Ansprache von Prof. DDr. Gotthold Hasenhüttl:

Ich begrüße Sie ganz herzlich zum Ökumenischen Gottesdienst mit Eucharistiefeier nach katholischem Ritus und "offener Kommunion". Alle sind eingeladen zum Empfang des Abendmahls als Zeichen der Gemeinschaft untereinander in Jesus Christus in den Symbolen von Brot und Wein.

Es ist schon erstaunlich, wie schwer sich die Christen von Anfang an mit dem gemeinsamen Abendmahl getan haben. Der erste Streit unter den Christen, wie wir aus der Apostelgeschichte und bei Paulus erfahren, geht um die Tischgemeinschaft. Wie können Juden und Heiden beim eucharistischen Mahl zusammenkommen? Heiden essen doch nicht koscher! Eine nicht koschere Eucharistiefeier ist unmöglich - so die Juden. Petrus schwankt, er ist schließlich für die getrennte Mahlfeier. Hätte Paulus dem Petrus, nach katholischem Verständnis der erste Papst, nicht ins Angesicht widerstanden, wären Juden- und Heidenchristen gesonderte Wege gegangen und die Spaltung hätte in der biblischen Zeit begonnen. Der erste Papst aber pochte nicht auf seine "Unfehlbarkeit" und so wurden die theologischen Unterschiede versöhnt. Aber bald folgte das zweite Ausschlussverfahren. Mit Ungetauften Tischgemeinschaft zu pflegen, ist doch unmöglich. Ist also Christus nur noch für Getaufte da?
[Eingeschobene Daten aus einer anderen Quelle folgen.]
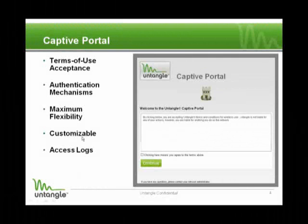Captive Portal. The idea was we had a lot of feedback that people wanted to be able to enforce certain things before people could get online and access the Internet. The common use cases were: displaying a message with an acceptable use policy before people can browse the web, requiring login so you know who they are and can apply the correct policy, or even charging for Internet access. Captive Portal is basically a way to do that.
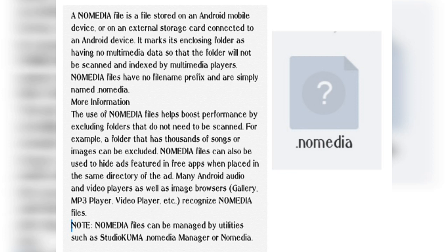For example, a folder that has thousands of songs or images can be excluded from media players. Many media players like MP3 player and video player recognize .nomedia files.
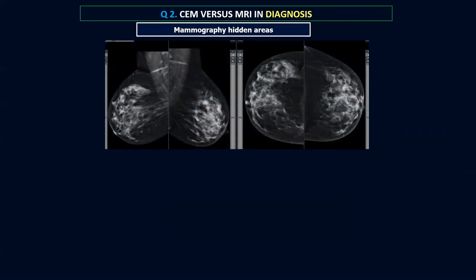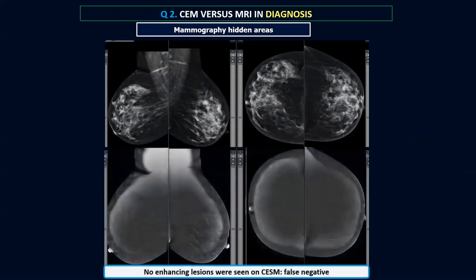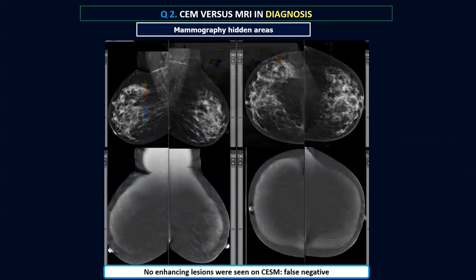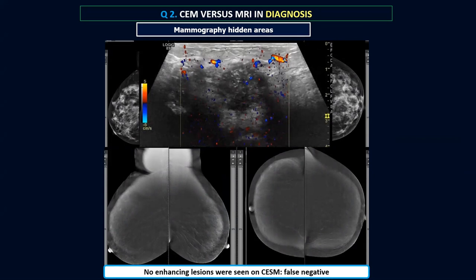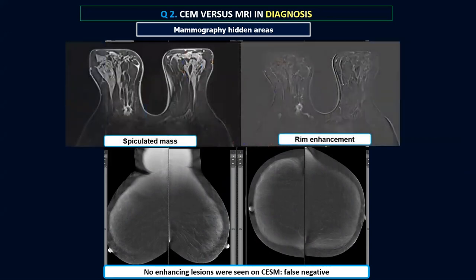Another case: a palpable mass lesion in the upper inner quadrant of the right breast. The contrast mammogram was interpreted as normal, despite a spiculated mass lesion being deeply seated on complementary targeted ultrasound. Looking at her MRI, the lesion was present but missed on contrast mammography because it was in one of the mammography hidden areas — deeply seated in the upper inner quadrant of the right breast.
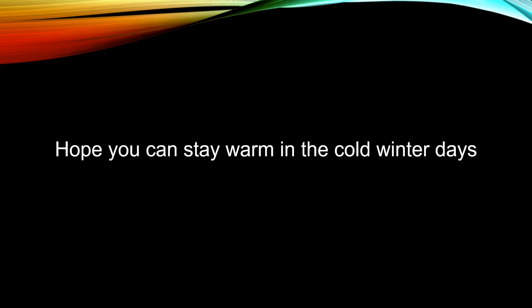You can try out some of these methods and I hope you can stay warm in the cold winter days. Thank you for listening. Bye bye.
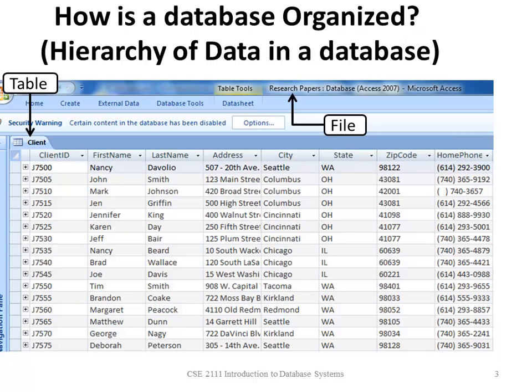A file consists of one or more tables. The table we see here is client.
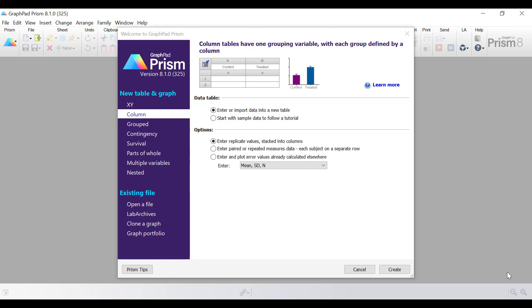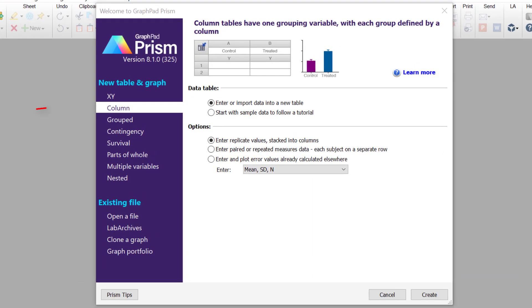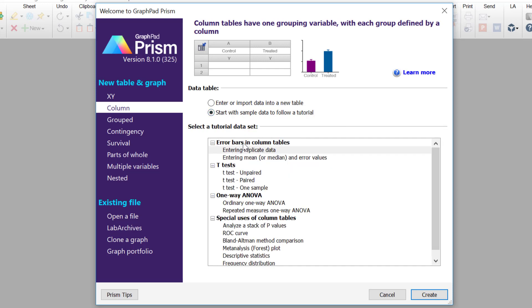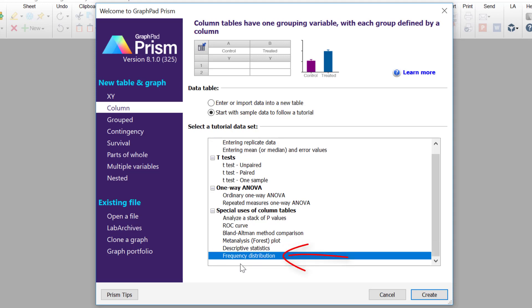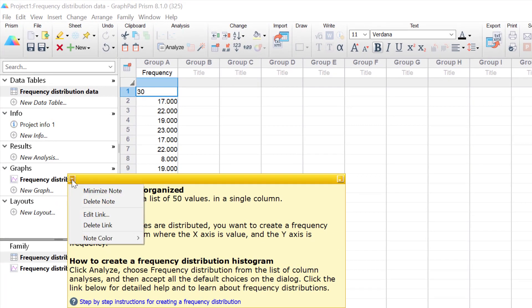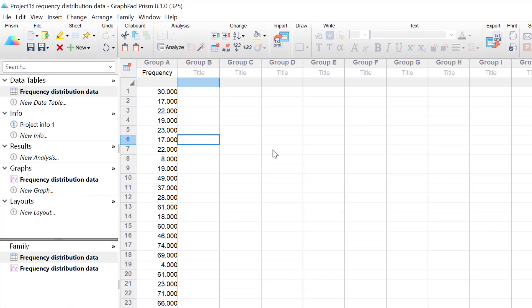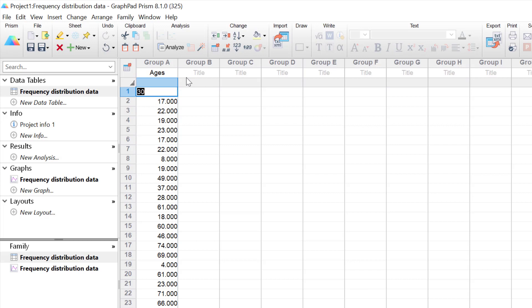So let's go ahead in GraphPad and create a frequency distribution of some example data. I'm going to select a column table and graph, click start with sample data to follow a tutorial, and under the special uses of column tables select the frequency distribution option, then click create. I'll minimize the note displayed here. In this dataset there are 50 individual data points, and I'm going to rename this as ages — so we're pretending these are 50 individuals of different ages.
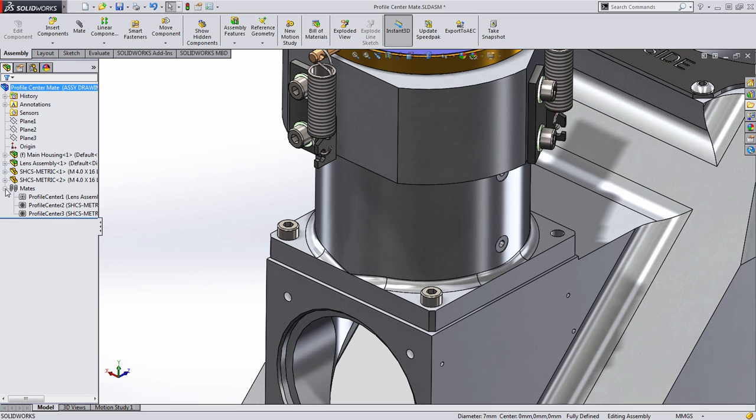So as you can see, the Profile Center Mate not only makes it quick to put your components together, it makes it a lot easier to maintain them down the road. Thank you.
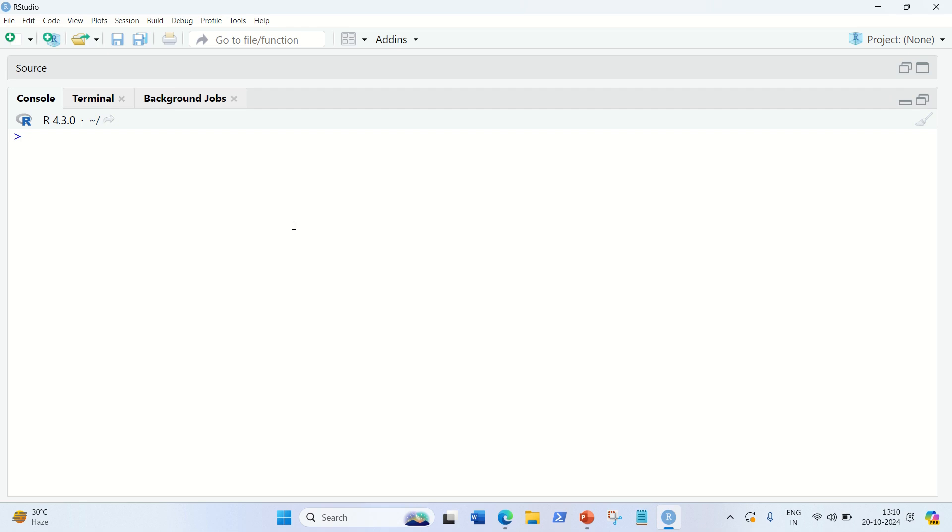Hello everyone, this is Amritpal Singh. Welcome to the next video. Guys, in this video, I'm going to discuss how we can implement the KNN algorithm in our programming language. Let's get started.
Hat er nicht selbst mit Zöllnern und Sündern gegessen? Und hat nicht Judas am Abendmahl teilgenommen? Keiner der Apostel war je getauft worden und doch feierten sie Eucharistie. Und die, die in der Apostelgeschichte miteinander in den Häusern das Brot brachen, waren wohl kaum alle getauft. Wer kann einem Ungetauften, wenn er die Gemeinschaft mit Jesus Christus haben möchte, diese Gemeinschaft verweigern? Doch die Kirche trennte sich ab und schloss aus. Ist Jesus Christus seit damals nicht mehr für alle da?
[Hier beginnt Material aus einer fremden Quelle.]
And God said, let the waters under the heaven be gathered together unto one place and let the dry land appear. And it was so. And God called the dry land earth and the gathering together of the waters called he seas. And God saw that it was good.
Und schließlich schlossen sich auch Getaufte gegenseitig aus, weil die Theologie über die Gegenwart Christi und wodurch sie geschieht (Amt) unterschiedlich war, dabei hören wir, dass wo zwei oder drei in meinem Namen beisammen sind, Jesus Christus mitten unter ihnen ist. Können Brot und Wein kein Zeichen mehr dafür und Symbol seiner Gegenwart sein? Wollte Jesus Christus nicht ein Hirte und für seine Herde da sein? Gerade den anderen anders sein lassen, ermöglicht echte Gemeinschaft. Vielfalt nicht Uniformität! Kann Jesus Christus nicht auf verschieden Weise für Menschen mit unterschiedlichem Verständnis gegenwärtig sein? Auf evangelische Wiese, auf katholische Weise, auf jede christliche Weise? Nach katholischem Verständnis empfängt freilich der, der meint, er isst nur Brot, auch tatsächlich nur dieses. Wie intensiv lädt Jesus zum Hochzeitsmahl ein - gerade auch die Geächteten. Wer hingegen ausschließt, schließt sich selbst von der Gegenwart Christi aus.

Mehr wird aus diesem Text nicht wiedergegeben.